Directions. Please print all the lines below exactly as they are written.

Supplied entries.
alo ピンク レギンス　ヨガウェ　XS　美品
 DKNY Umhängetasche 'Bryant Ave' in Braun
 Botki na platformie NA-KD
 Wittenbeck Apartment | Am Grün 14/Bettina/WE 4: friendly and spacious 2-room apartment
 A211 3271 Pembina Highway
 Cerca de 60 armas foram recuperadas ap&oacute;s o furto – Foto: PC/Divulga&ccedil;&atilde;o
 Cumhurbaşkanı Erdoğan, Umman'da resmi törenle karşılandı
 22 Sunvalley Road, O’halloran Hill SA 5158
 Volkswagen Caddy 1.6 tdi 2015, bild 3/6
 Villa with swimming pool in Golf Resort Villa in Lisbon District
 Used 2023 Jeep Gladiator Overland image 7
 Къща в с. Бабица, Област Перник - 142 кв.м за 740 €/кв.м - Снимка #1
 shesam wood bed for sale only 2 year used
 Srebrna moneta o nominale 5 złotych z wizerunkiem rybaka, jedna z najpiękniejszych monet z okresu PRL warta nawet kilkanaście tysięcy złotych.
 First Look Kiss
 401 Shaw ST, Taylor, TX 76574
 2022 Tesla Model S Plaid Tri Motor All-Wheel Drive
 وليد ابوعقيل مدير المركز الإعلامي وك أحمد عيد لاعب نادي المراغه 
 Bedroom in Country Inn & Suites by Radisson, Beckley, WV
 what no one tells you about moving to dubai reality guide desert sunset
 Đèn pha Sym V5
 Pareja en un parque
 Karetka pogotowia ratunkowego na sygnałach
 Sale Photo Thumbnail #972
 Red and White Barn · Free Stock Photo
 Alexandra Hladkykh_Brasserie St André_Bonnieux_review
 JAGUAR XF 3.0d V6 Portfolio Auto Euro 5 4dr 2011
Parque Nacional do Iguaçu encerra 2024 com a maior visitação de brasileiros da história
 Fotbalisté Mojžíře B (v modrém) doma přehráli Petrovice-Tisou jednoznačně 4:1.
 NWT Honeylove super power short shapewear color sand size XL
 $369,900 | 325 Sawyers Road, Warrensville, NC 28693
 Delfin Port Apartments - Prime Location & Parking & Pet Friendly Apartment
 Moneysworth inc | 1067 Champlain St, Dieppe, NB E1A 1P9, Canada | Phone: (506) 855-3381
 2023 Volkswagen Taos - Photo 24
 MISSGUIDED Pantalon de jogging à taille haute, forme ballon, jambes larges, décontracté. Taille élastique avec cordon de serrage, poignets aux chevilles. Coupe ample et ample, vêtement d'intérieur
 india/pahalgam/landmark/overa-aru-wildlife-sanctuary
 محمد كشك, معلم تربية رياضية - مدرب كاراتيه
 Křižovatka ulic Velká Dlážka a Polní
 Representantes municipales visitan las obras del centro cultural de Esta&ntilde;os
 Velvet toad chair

Task answer.
alo ピンク レギンス　ヨガウェ　XS　美品
 DKNY Umhängetasche 'Bryant Ave' in Braun
 Botki na platformie NA-KD
 Wittenbeck Apartment | Am Grün 14/Bettina/WE 4: friendly and spacious 2-room apartment
 A211 3271 Pembina Highway
 Cerca de 60 armas foram recuperadas ap&oacute;s o furto – Foto: PC/Divulga&ccedil;&atilde;o
 Cumhurbaşkanı Erdoğan, Umman'da resmi törenle karşılandı
 22 Sunvalley Road, O’halloran Hill SA 5158
 Volkswagen Caddy 1.6 tdi 2015, bild 3/6
 Villa with swimming pool in Golf Resort Villa in Lisbon District
 Used 2023 Jeep Gladiator Overland image 7
 Къща в с. Бабица, Област Перник - 142 кв.м за 740 €/кв.м - Снимка #1
 shesam wood bed for sale only 2 year used
 Srebrna moneta o nominale 5 złotych z wizerunkiem rybaka, jedna z najpiękniejszych monet z okresu PRL warta nawet kilkanaście tysięcy złotych.
 First Look Kiss
 401 Shaw ST, Taylor, TX 76574
 2022 Tesla Model S Plaid Tri Motor All-Wheel Drive
 وليد ابوعقيل مدير المركز الإعلامي وك أحمد عيد لاعب نادي المراغه 
 Bedroom in Country Inn & Suites by Radisson, Beckley, WV
 what no one tells you about moving to dubai reality guide desert sunset
 Đèn pha Sym V5
 Pareja en un parque
 Karetka pogotowia ratunkowego na sygnałach
 Sale Photo Thumbnail #972
 Red and White Barn · Free Stock Photo
 Alexandra Hladkykh_Brasserie St André_Bonnieux_review
 JAGUAR XF 3.0d V6 Portfolio Auto Euro 5 4dr 2011
Parque Nacional do Iguaçu encerra 2024 com a maior visitação de brasileiros da história
 Fotbalisté Mojžíře B (v modrém) doma přehráli Petrovice-Tisou jednoznačně 4:1.
 NWT Honeylove super power short shapewear color sand size XL
 $369,900 | 325 Sawyers Road, Warrensville, NC 28693
 Delfin Port Apartments - Prime Location & Parking & Pet Friendly Apartment
 Moneysworth inc | 1067 Champlain St, Dieppe, NB E1A 1P9, Canada | Phone: (506) 855-3381
 2023 Volkswagen Taos - Photo 24
 MISSGUIDED Pantalon de jogging à taille haute, forme ballon, jambes larges, décontracté. Taille élastique avec cordon de serrage, poignets aux chevilles. Coupe ample et ample, vêtement d'intérieur
 india/pahalgam/landmark/overa-aru-wildlife-sanctuary
 محمد كشك, معلم تربية رياضية - مدرب كاراتيه
 Křižovatka ulic Velká Dlážka a Polní
 Representantes municipales visitan las obras del centro cultural de Esta&ntilde;os
 Velvet toad chair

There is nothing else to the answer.